What needs to be done
The entire listing below is to be written out exactly, minus the pictures.

Information provided
===

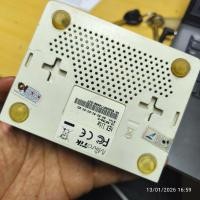 ราคา Mikrotik rb750r2 hex lite ติดลบ (52654605078)
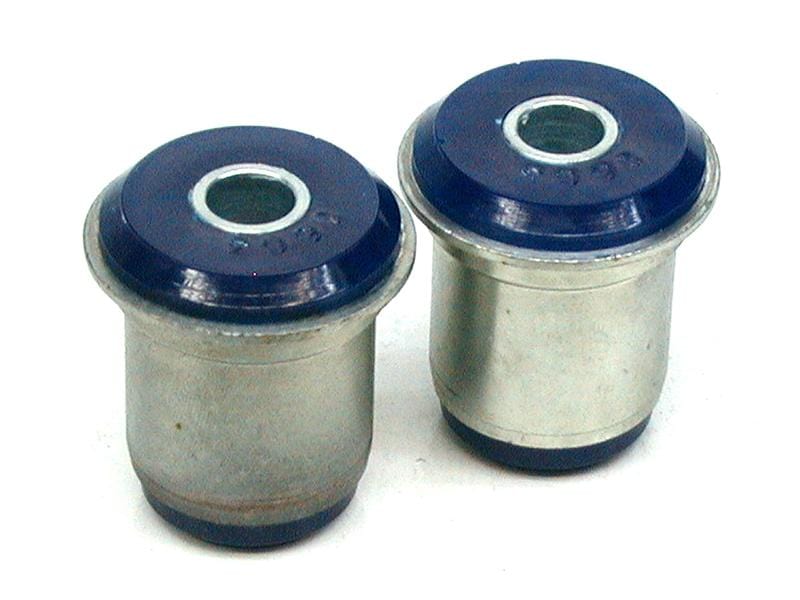 Superpro Bush Kit Superpro Rear Trailing Arm Upper Rear Bush Kit (SPF1663K) SR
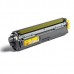 Brother Toner Amarelo, duração: 1.400Pág., para - HL3140CW/ HL3150CDW Brother Toner Amarelo, duração: 1.400Pág., para - HL3140CW/ HL3150CDW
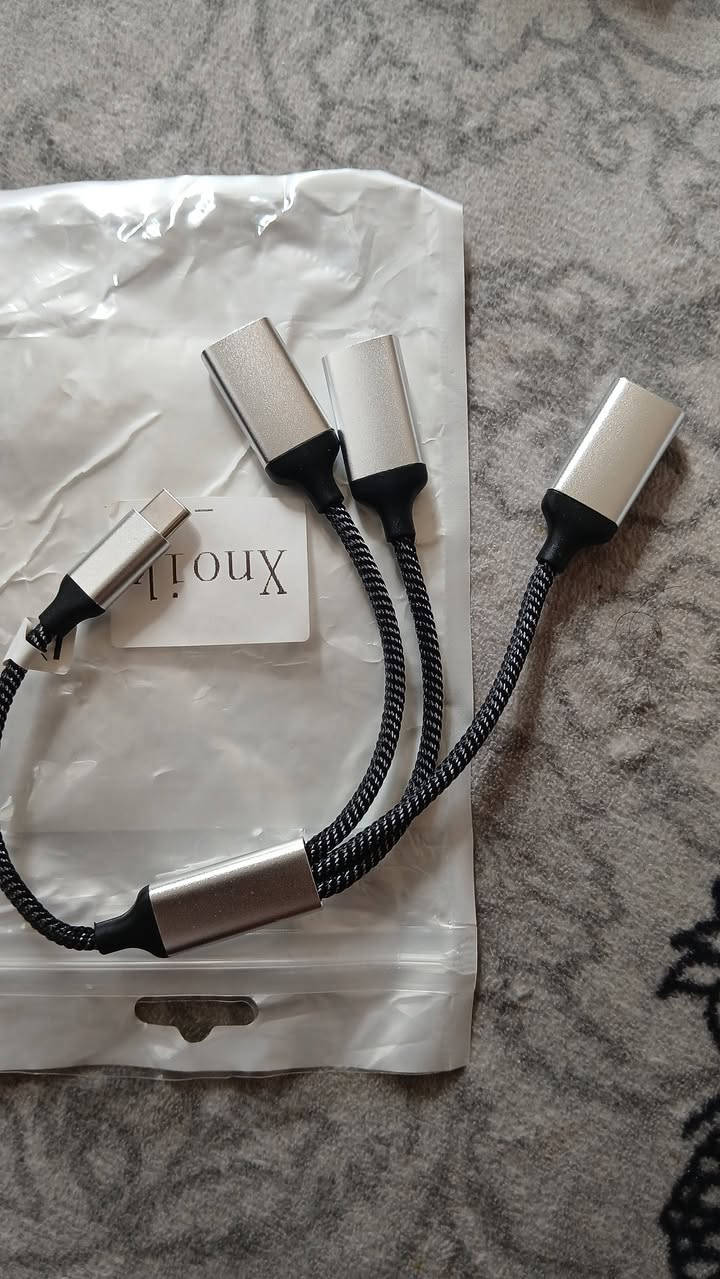 مجموعة ادبتر


**إذا كنت صاحب هذا الإعلان وتريد حذفه لأي سبب، رجاءا أرسل رسالة إلى الدعم الفني**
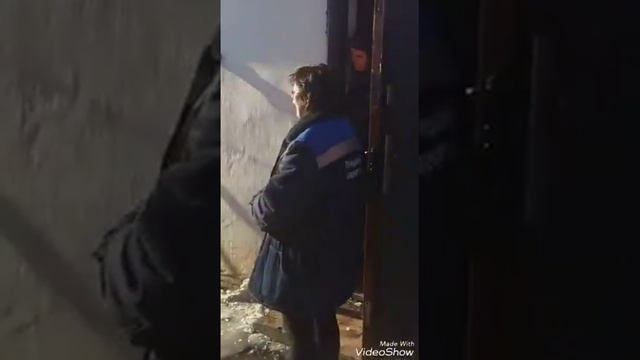 Не перевелись ещё русские бабы на Руси смотреть онлайн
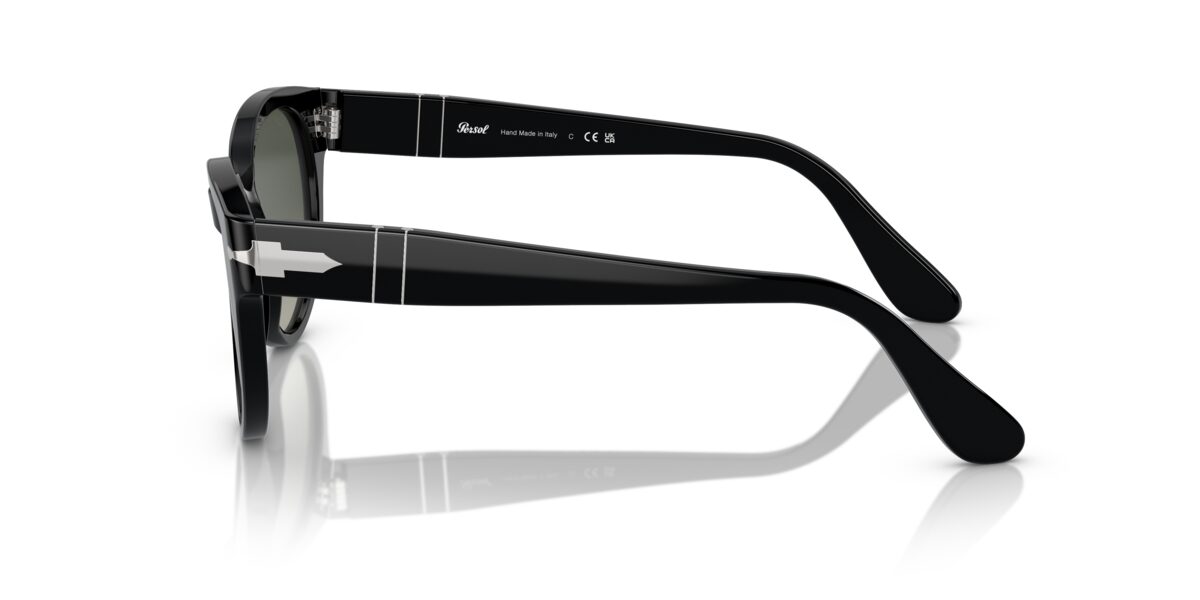 Persol PO3287S 95/71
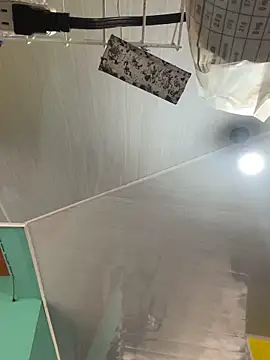 sorry-mom69 online show from March 11, 12:00 pm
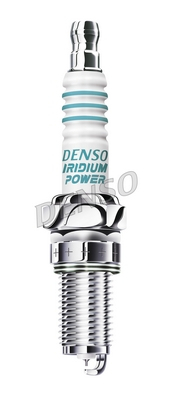 DENSO zapalovací svíčka APRILIA RSV 1000 R (MILE), R (MILLE), (MILLE) 98-01, BMW F 700 GS, 800R ABS, 800ST ABS, 800S, 800S ABS, 800 GS (ADVENTURE), 800 GS (TRIPLE BLACK), 650GS, 800ST, 800 GS, 800 GS ABS, 800GT, 800R, 650GS ABS, 800 GS (TROPHY) 04-17, HP2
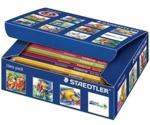 Staedtler Colored Pencils Class Pack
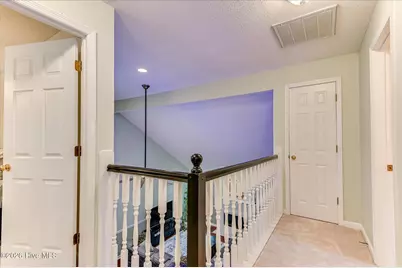 2528 Commons Trace, Augusta, GA 30909 - Photo 34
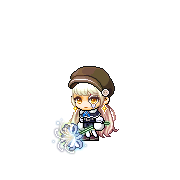 FurenToko
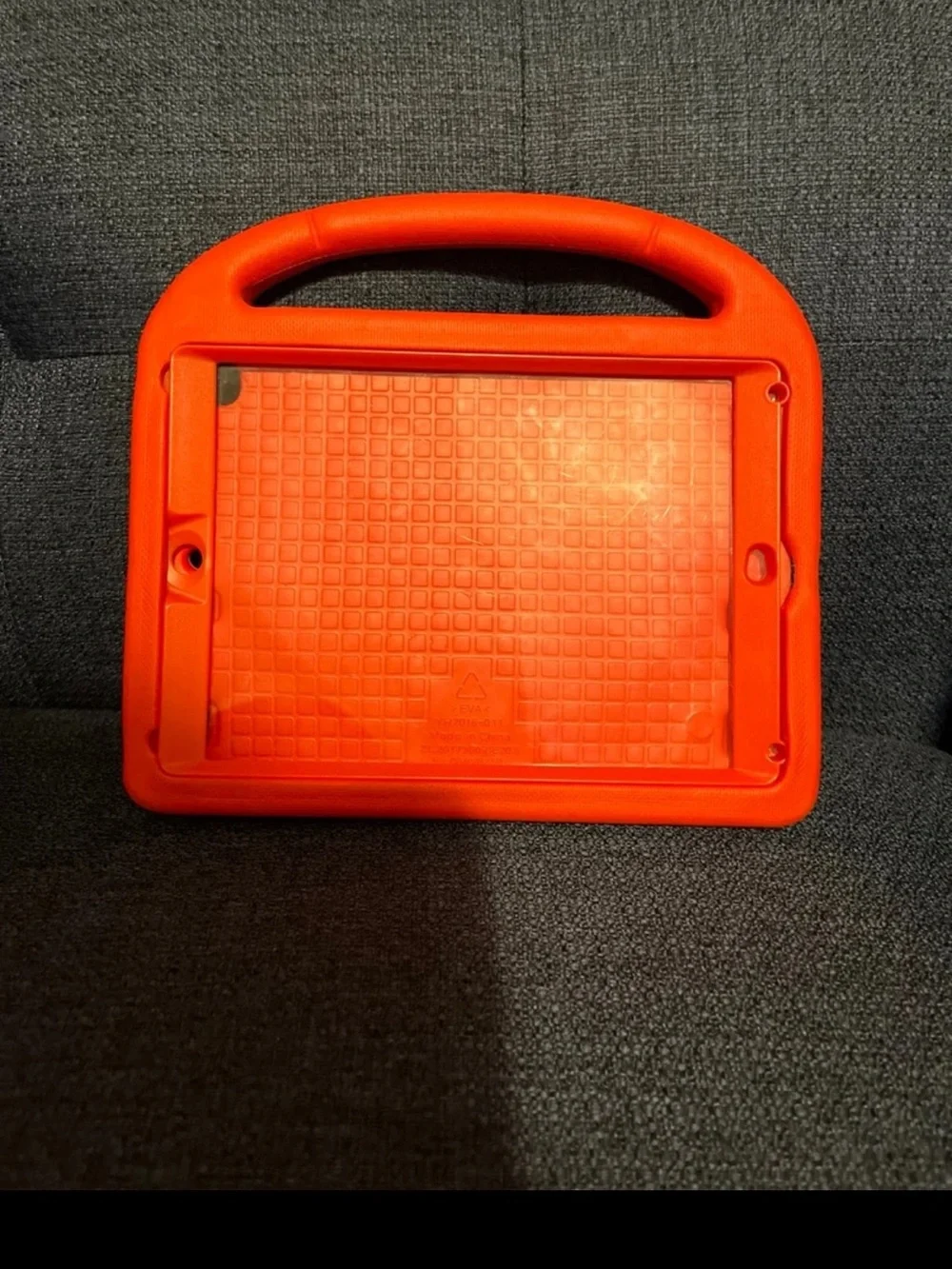 Durable Kids iPad Cases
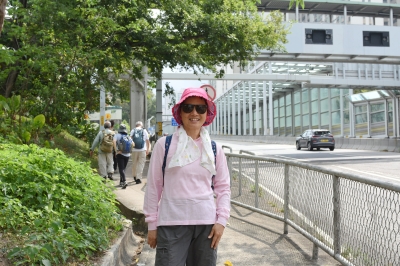 R06_0041.jpg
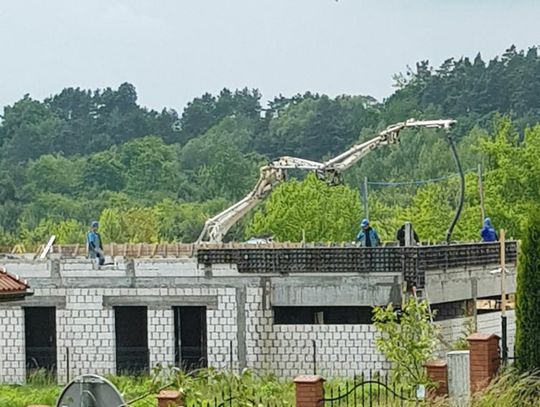 Lekarstwo na samotność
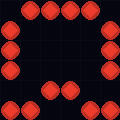 188.167.86.224
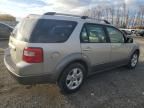 2006 Ford Freestyle SEL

===

Response to this task
 ราคา Mikrotik rb750r2 hex lite ติดลบ (52654605078)
 Superpro Bush Kit Superpro Rear Trailing Arm Upper Rear Bush Kit (SPF1663K) SR
 Brother Toner Amarelo, duração: 1.400Pág., para - HL3140CW/ HL3150CDW Brother Toner Amarelo, duração: 1.400Pág., para - HL3140CW/ HL3150CDW
 مجموعة ادبتر


**إذا كنت صاحب هذا الإعلان وتريد حذفه لأي سبب، رجاءا أرسل رسالة إلى الدعم الفني**
 Не перевелись ещё русские бабы на Руси смотреть онлайн
 Persol PO3287S 95/71
 sorry-mom69 online show from March 11, 12:00 pm
 DENSO zapalovací svíčka APRILIA RSV 1000 R (MILE), R (MILLE), (MILLE) 98-01, BMW F 700 GS, 800R ABS, 800ST ABS, 800S, 800S ABS, 800 GS (ADVENTURE), 800 GS (TRIPLE BLACK), 650GS, 800ST, 800 GS, 800 GS ABS, 800GT, 800R, 650GS ABS, 800 GS (TROPHY) 04-17, HP2
 Staedtler Colored Pencils Class Pack
 2528 Commons Trace, Augusta, GA 30909 - Photo 34
 FurenToko
 Durable Kids iPad Cases
 R06_0041.jpg
 Lekarstwo na samotność
 188.167.86.224
 2006 Ford Freestyle SEL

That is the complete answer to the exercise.